Un jour, cependant, comme il entrait dans une petite
galerie à Montmartre, il s'arrêta devant un tableau de Georges Rouault. C'était
une image du Christ cloué à la Croix. Il ne savait pas pourquoi il était touché
car il n'avait plus la foi. Il supposa que c'était parce que le tableau
renvoyait à des images des spectacles de son enfance. Pourtant, il était
intrigué, car l'artiste avait peint une œuvre associant sujet traditionnel et
technique révolutionnaire. C'était à moitié abstrait sans offrir, par essence,
de l'abstraction. C'était inexplicable. L'image avait une certaine puissance
qui fit que Pawel se demanda s'il n'avait pas négligé quelque chose en
anéantissant le passé.
Il obtint l'adresse de Rouault
auprès de son marchand et il lui écrivit — il habitait Versailles. Bien sûr,
Pawel ne cacha pas ce qu'il pensait. Il déclara qu'il ne croyait en rien mais
qu'il avait été impressionné par le tableau de la crucifixion. Il demanda à
Rouault si celui-ci pensait que toutes les voies traditionnelles de l'histoire
de l'art étaient désormais fermées, comme le soutenaient tant de théoriciens de
l'art. Si elles n'étaient pas fermées, que devrait alors poursuivre un jeune
artiste ? Devrait-il, lui Pawel, prendre la direction de l'abstraction
absolue ou du symbolisme ou encore d'un nouveau genre de réalisme figuratif ?
Rouault répondit par une lettre courtoise. Il y
analysait la scène artistique actuelle d'un œil critique et soulignait le fait
que la confusion de l'art moderne avait sa source dans des problèmes plus profonds
que les questions de style. Il concluait en disant : « Un homme ne
crée qu'avec la matière de ce qu'il aime ».
Pawel envoya en retour une note
sèche : « Et s'il n'aime rien ? » Pensant que sa franchise
avait mis un terme à leur correspondance, Pawel fit surpris de recevoir une
réponse une semaine plus tard :
L'homme qui n'aime pas ne se connaît pas encore. Tout
cœur humain renferme une image de l'amour, si ensevelie soit-elle. Il doit la
chercher et trouver son propre langage, les mots qui libéreront l'icône cachée.
« Comment fait-il ceci ? »
répondit Pawel sur une petite carte représentant un nu peint par Matisse.
En réponse, Rouault envoya une petite carte de la
rosace de la cathédrale de Chartres : « En se soumettant aux forces
de la vie.
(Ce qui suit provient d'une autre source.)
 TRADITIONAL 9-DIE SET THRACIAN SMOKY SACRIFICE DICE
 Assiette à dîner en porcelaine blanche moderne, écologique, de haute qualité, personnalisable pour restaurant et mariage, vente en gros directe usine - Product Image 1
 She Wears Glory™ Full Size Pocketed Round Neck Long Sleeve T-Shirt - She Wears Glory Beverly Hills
En souffrant ».
Mais cela était trop lugubre.
Pawel songea qu'il avait déjà beaucoup trop souffert.
Il écrivit une réponse au verso d'une publicité pour
un cabaret, qu'il avait prise à cette intention sur un panneau d'affichage :
« La souffrance ne m'a pas appris à aimer, dit-il. Elle m'a appris à
détester ». Il plia l'affiche, la glissa dans une grande enveloppe et
l'envoya, en pensant : Au revoir à jamais, Monsieur Rouault ; cela
va certainement pousser votre tolérance dans ses derniers retranchements !
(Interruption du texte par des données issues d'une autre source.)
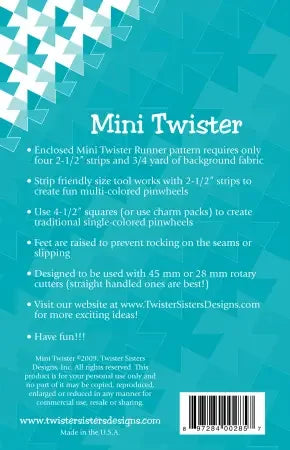 Mini Twister instruction card with back text and barcode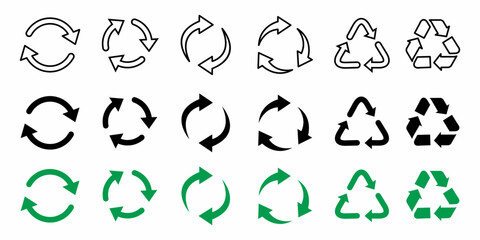 Set of symbols and signs for design recycling, green and black symbols isolated on white background. Big set of Recycle icon. Recycle Recycling symbol. Vector illustration. Isolated on white backgroun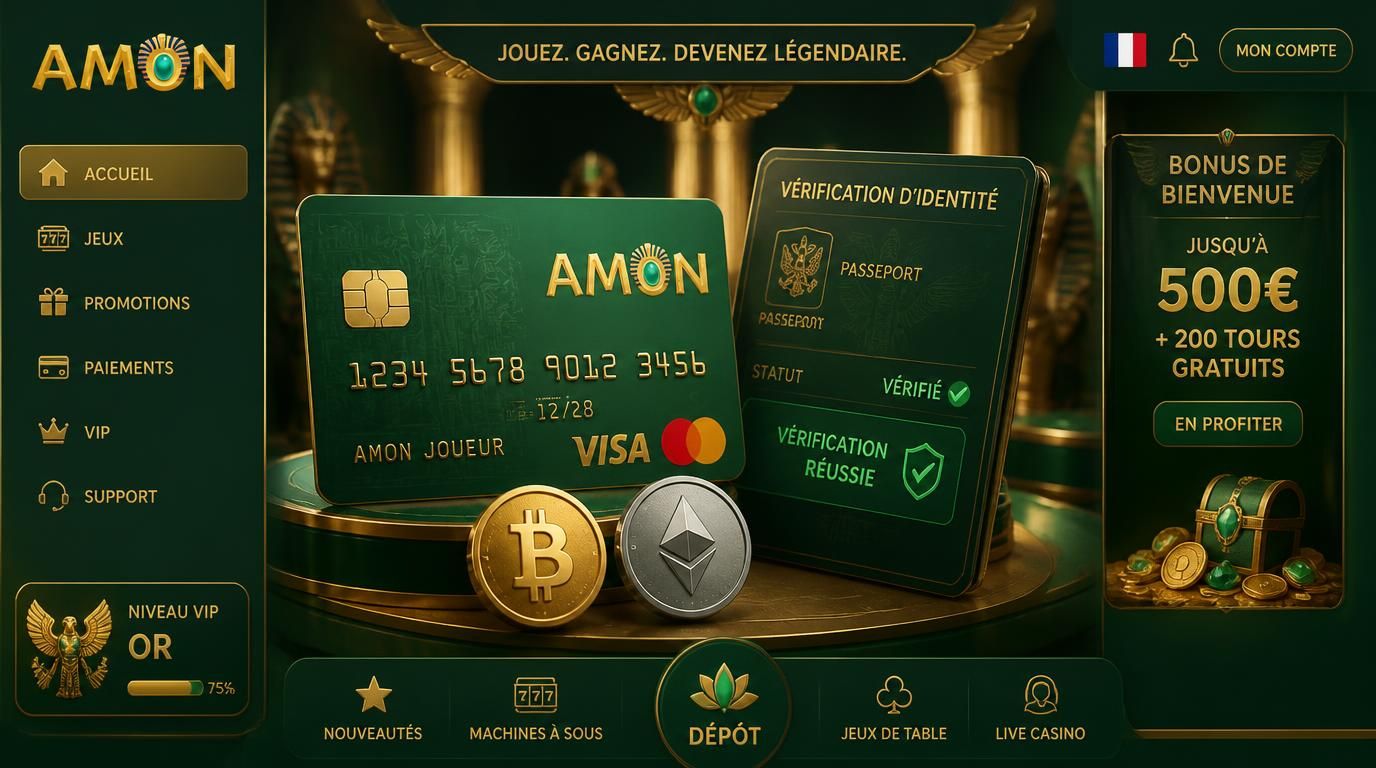 Illustration des options de dépôt carte, crypto et vérification en France.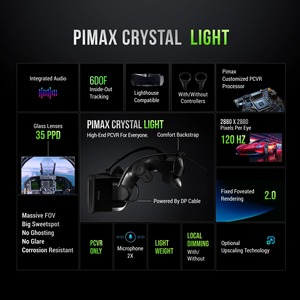 ชุดหูฟัง <span class=keywords><strong>VR</strong></span> pimax แสงคริสตัลเพียงพีซีรุ่น8K 35PPD วิสัยทัศน์ที่ชัดเจน> 80 "หน้าจอเสมือนจริงโพลาไรซ์3D ไอน้ำ <span class=keywords><strong>VR</strong></span> - Product Image 5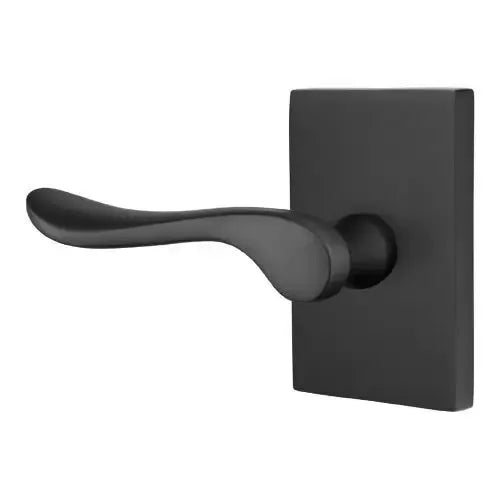 Emtek Luzern Door Lever with Modern Rectangular Rose by Emtek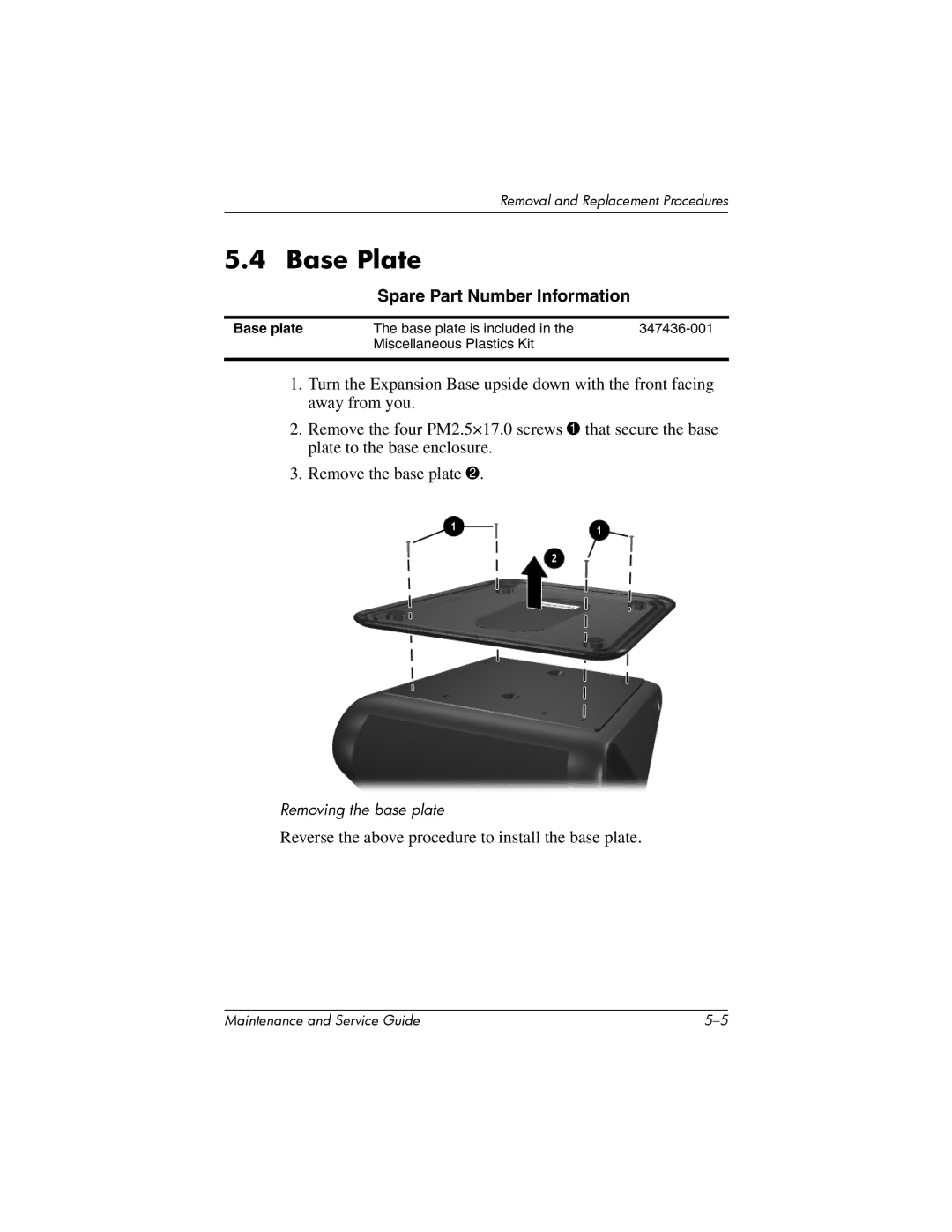 HP R3011AP, R3065US, R3070US, R3060US, R3050US, R3056RS, R3050EA, R3060EA, R3057EA manual Base Plate, Spare Part Number Information 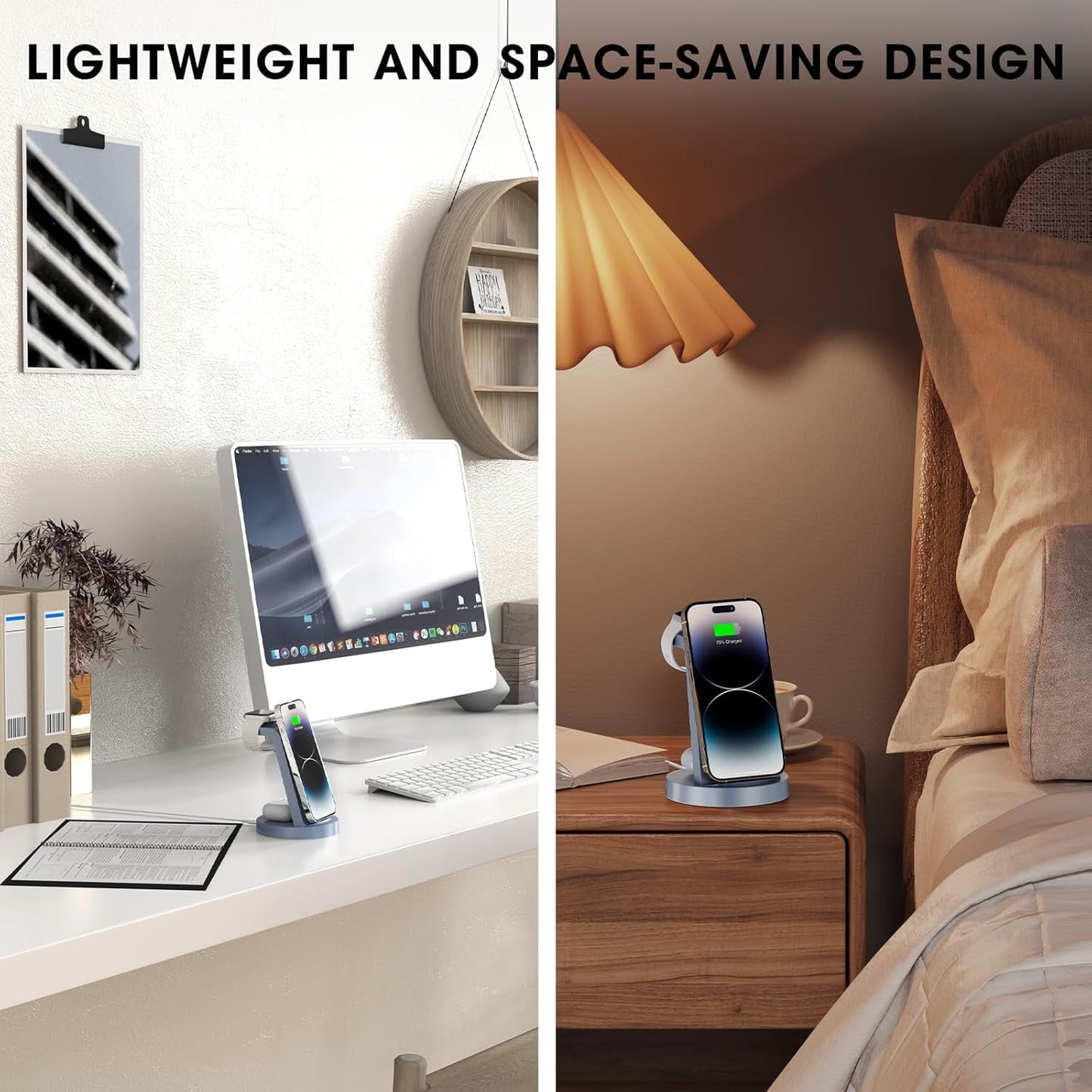 Ultimate 3-in-1 Wireless Charging Station for iPhone, Apple Watch & AirPods - Fast Charging Dock in Blue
La semaine suivante, Pawel éprouva des remords par
rapport à la manière dont il avait agi et il réfléchit sur ce qu'il avait écrit
à Rouault. Était-il vraiment empli de haine ? Oui, il lui semblait que
c'était le cas. Il détestait l'indifférence suffisante des masses. Il détestait
ceux qui provoquaient les guerres et jetaient des vies à la rue. Il détestait
les artistes à succès qui sillonnaient le monde, doués du talent infaillible de
se mettre en avant. Il détestait les gens comme la concierge et Henri le maître
de peinture, et les propriétaires des galeries, pour lesquels il n'y avait pas
de plus grand dieu que l'argent. Et Photosphoros qui l'aurait bien volontiers
laissé mourir de faim (il en était sûr) pour préserver la « pureté »
de son mode de vie. Il alla même jusqu'à douter des motivations de Rouault. Sa
haine, ainsi nourrie, se répandit comme un épais brouillard. Seul Goudron y
échappa. Seul lui s'était révélé libre de toute motivation souillée.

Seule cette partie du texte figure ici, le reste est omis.